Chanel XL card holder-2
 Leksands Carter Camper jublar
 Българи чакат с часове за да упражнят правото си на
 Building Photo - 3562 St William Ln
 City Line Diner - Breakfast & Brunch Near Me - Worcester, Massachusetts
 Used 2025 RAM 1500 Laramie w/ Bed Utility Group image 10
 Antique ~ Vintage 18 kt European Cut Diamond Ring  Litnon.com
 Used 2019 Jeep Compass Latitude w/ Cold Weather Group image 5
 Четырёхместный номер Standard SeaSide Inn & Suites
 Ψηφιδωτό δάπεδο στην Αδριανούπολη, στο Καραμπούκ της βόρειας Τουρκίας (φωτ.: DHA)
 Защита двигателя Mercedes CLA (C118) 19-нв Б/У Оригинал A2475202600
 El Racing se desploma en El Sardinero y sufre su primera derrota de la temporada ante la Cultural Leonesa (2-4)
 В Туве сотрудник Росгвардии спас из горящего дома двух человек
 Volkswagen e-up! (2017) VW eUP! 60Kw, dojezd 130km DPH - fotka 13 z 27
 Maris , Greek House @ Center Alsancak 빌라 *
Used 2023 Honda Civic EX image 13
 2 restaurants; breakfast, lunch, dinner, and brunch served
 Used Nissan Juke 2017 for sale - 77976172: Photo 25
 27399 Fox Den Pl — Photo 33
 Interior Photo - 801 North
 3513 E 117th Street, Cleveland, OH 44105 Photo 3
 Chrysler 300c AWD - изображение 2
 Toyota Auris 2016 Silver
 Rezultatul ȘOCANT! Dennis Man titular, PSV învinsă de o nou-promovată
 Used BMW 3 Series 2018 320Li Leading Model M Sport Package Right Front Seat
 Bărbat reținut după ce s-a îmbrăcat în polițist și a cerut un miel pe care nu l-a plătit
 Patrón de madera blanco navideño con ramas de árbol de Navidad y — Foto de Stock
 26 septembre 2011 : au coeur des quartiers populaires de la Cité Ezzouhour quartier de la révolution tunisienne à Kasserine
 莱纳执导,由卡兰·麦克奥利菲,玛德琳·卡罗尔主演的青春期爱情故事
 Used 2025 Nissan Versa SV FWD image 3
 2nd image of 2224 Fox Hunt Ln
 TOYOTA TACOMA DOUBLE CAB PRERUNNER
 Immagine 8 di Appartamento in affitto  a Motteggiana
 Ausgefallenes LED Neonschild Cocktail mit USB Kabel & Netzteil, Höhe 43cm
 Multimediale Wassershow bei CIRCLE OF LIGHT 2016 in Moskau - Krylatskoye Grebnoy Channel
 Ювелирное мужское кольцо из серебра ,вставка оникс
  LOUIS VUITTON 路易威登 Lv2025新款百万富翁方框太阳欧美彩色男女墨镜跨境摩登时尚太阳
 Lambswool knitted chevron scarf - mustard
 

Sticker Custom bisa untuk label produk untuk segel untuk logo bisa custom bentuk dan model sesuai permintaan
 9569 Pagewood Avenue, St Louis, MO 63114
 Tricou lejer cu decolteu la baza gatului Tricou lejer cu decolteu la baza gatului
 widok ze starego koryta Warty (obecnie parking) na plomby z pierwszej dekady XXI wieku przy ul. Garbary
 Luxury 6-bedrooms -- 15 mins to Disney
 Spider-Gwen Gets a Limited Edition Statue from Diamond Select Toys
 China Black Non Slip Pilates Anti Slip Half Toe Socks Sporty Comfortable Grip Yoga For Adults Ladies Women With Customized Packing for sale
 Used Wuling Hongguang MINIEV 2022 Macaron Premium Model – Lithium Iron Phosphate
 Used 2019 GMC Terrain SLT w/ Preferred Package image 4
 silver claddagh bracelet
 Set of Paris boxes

▸ Directions: Within the entries above, find the string "image" and return each line that holds it.

▸ Your solution:
 Used 2025 RAM 1500 Laramie w/ Bed Utility Group image 10
 Used 2019 Jeep Compass Latitude w/ Cold Weather Group image 5
Used 2023 Honda Civic EX image 13
 Used 2025 Nissan Versa SV FWD image 3
 2nd image of 2224 Fox Hunt Ln
 Used 2019 GMC Terrain SLT w/ Preferred Package image 4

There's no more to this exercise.